Systematic investing is a scientific, evidence-based approach that takes the emotion out of investing and allows for better investment outcomes as decisions are based on rules. This mathematical approach offers more science and less art; has a higher success rate; is more predictable and generates higher returns for investors, with lower fees.

We take emotion out of the equation and turn investing into a science instead of an art, allowing us to deliver consistent and predictable results.

The strengths of passive investments are combined with those of active strategies. Passive investing offers the benefits of low fees, low transaction costs and a low tracking error relative to the benchmark.

Systematic investing versus passive investing

Meanwhile, active investing provides the potential to deliver additional alpha, representing out-performance of the portfolio relative to its benchmark, while facilitating efficient allocation of capital and capturing market dislocations.



Combining the attributes of passive and active management in this way results in a portfolio with highly efficient market exposure that is cheaper than both active and passive funds but with a consistent performance sweetener.

Systematic investing is a rules-based, active investment strategy while passive investing is a replication investment strategy that aims to maximise returns by minimising buying and selling.

Systematic investing is a rules-based investment strategy whereby the fund manager follows a disciplined process that is evidence-based, efficient and objective.

The fund managers do not make short-term forecasts on the direction of markets or the value of individual securities as the evidence suggests that these are extremely difficult to do.

Instead, a sensible long-term portfolio strategy or strategic asset allocation is implemented and then re-balanced when evidence suggests/supports the need to make tactical asset allocation tilts.

Passive investing is an investment strategy that limits the amount of buying and selling within portfolios, making this a very cost-effective way to invest. The strategy requires a buy- and-hold mentality. That means resisting the temptation to react or anticipate the stock market’s every next move.

Index investing is one common passive investing strategy whereby investors purchase a representative benchmark, such as the S&P 500 index or JSE All Share Index, and replicate it.

What are the misconceptions around systematic investing?
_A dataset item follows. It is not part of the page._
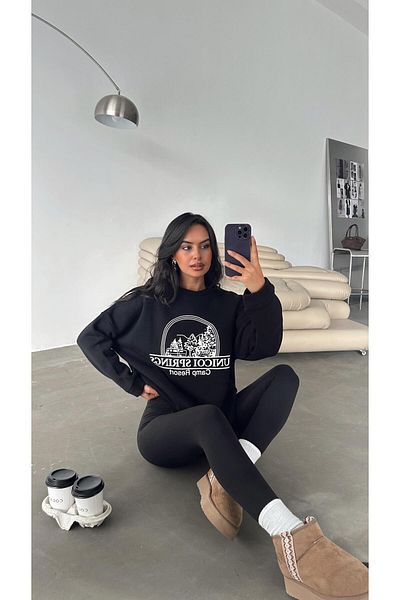 mydukkan.co Unicoi Springs Trei fire Oversize Sweat Negru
Systematic investing is scientific and quantitative, with many people referring to it as black-box investing because they cannot understand the investment process.
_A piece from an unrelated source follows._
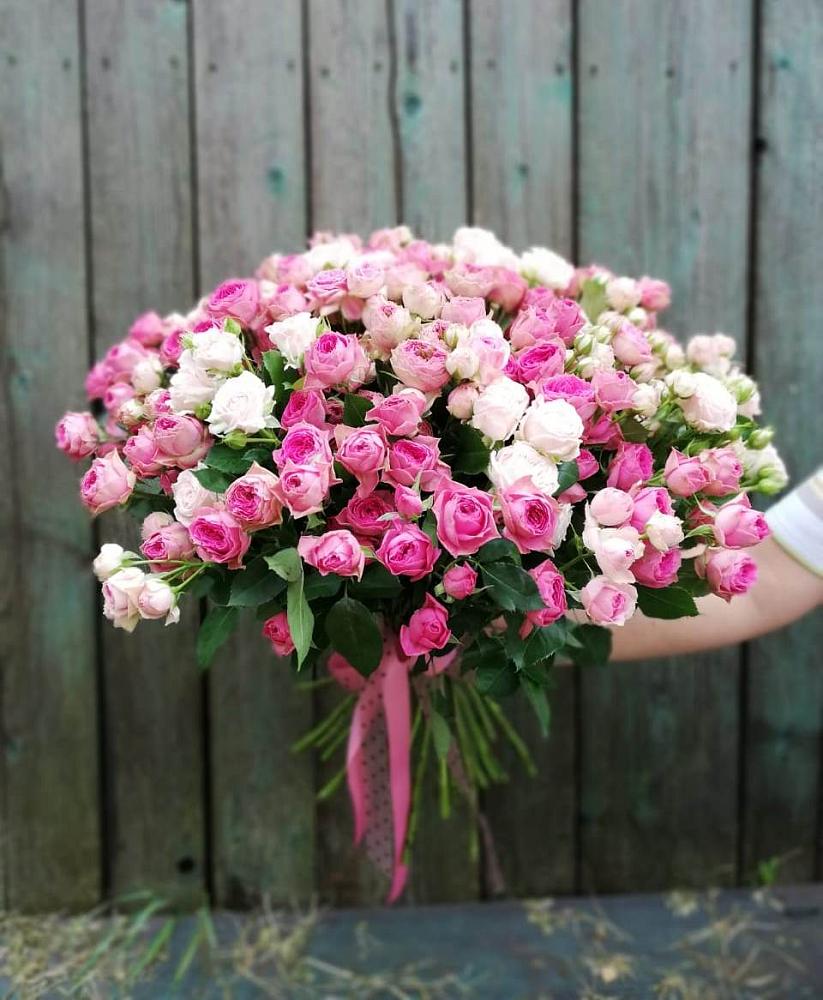 Букет Розовые кустовые розы Натали и Лав Лидия в Цивильске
This may have been true of the quantitative investment strategies of the past, but we follow a clear investment strategy and process that can be explained and understood at every step and point in time.

How does it compare to fundamental active management? Active investing refers to an investment strategy that involves ongoing buying and selling activity by the fund manager.

The goal of active money management is to beat the stock market’s average returns and take full advantage of short-term price fluctuations. It requires in- depth fundamental analysis and the expertise to know when to pivot into, or out of, a particular stock, bond or asset.

Active investors purchase investments and continuously monitor their activity to exploit potentially profitable opportunities.

We take a systematic evidence based approach to investing and applies core capabilities across asset classes, not at a particular stock or bond level. This strategy results in a more structured and stable return on investment that is consistently above the benchmark after fees. It offers better risk control by focusing less on stock selection and more on asset allocation.

The consistent out-performance of the average manager over short periods results in significant out-performance over more extended periods. And lastly, it allows us to offer competitive fees.

For example, our Balanced Fund aims to deliver performance slightly ahead of average over any 12-month period. It is specifically designed to outperform the ASISA category average of the SA Multi-Asset High Equity, if only by small, consistent amounts so that over the longer term the fund aims to be at the top of its category.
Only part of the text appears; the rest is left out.